Could Iran Disrupt the Gulf Countries’ Desalinated Water Supplies

Could Iran Disrupt the Gulf Countries' Desalinated Water Supplies?

Photo: FAYEZ NURELDINE/AFP/Getty Images

Commentary by David Michel

Published March 19, 2026

The economies of the Persian Gulf countries depend on oil and natural gas. Their populations depend on desalinated water. Nature endows the Arabian Peninsula with scant freshwater resources. Consequently, all of the six Gulf Cooperation Council (GCC) nations lining the Gulf's southern shores critically rely on desalination plants drawing seawater from the Persian Gulf and Arabian Sea. The war on Iran that began on February 28 puts these essential water systems at risk. Desalination facilities in Kuwait and the United Arab Emirates (UAE) suffered indirect damage from missile and drone strikes early in the conflict. Subsequently, plants in Bahrain and Iran have reportedly been intentionally attacked. Deliberate targeting of desalination infrastructure would represent a significant conflict escalation, potentially threatening vital water supplies for millions of people across the region.

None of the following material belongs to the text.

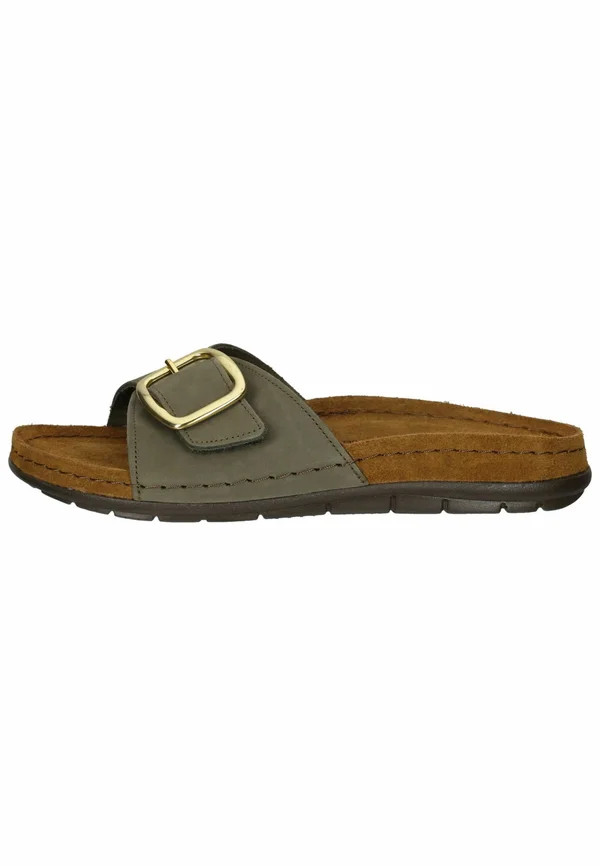 Pantolette flach - olive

Petrostates and Saltwater Kingdoms

The Middle East is one of the most arid regions on Earth. Across the whole of the Arabian Peninsula, not a single permanent river flows. Only Oman and Yemen enjoy a handful of small, often brackish, natural lakes. For the GCC countries (Bahrain, Kuwait, Oman, Qatar, UAE, and Saudi Arabia), most of their freshwater supply comes from a constellation of groundwater aquifers. Many of these, however, are severely over-exploited, depleted at rates far exceeding what nature can replenish. The total renewable surface and groundwater resources of the six GCC countries together amount to 7.21 billion cubic meters (m3) a year-less than the annual flow of the Potomac River for a population of 62 million.

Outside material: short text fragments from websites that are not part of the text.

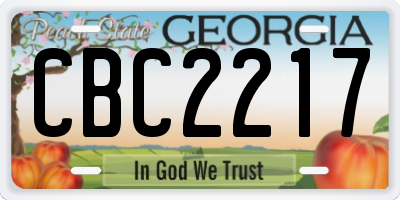 GA license plate CBC2217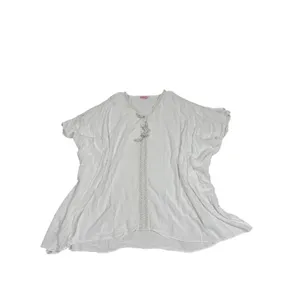 Lilly Pulitzer White Rayon Kaftan Beach Cover Up Gold Lace Tassel One‎ Size thumbnail 2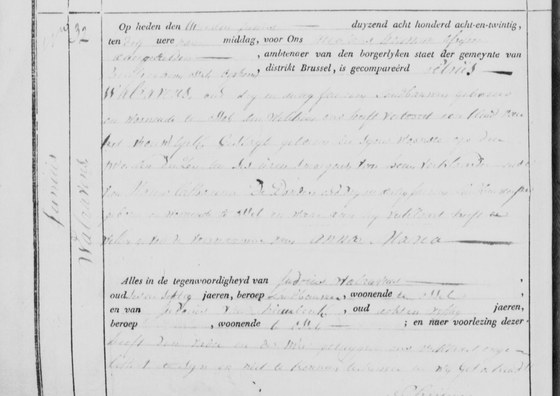 Son acte de naissance, Brussegem, acte n° 32 de 1828.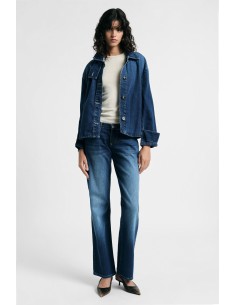 Jeans de perna larga com efeito desbotado Please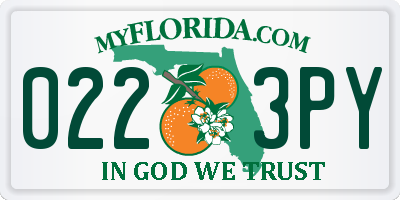 FL license plate 0223PY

Water managers generally consider that societies require 1700 m3 of renewable freshwater per person each year to meet their populations' water needs, from drinking, cooking, and washing to the demands of agriculture and industry. Below that threshold, "water stress" emerges, and competition for water resources may begin to impact countries' social welfare. By this metric, the members of the GCC exhibit "absolute water scarcity." According to the UN Food and Agriculture Organization, Oman enjoys no more than 286 m3 per capita of annually available renewable freshwater resources; Bahrain and Saudi Arabia each possess only 75 m3 per capita per year; Qatar has 20 m3 per capita per year; while the UAE and Kuwait receive just 15 m3 and 4 m3, respectively.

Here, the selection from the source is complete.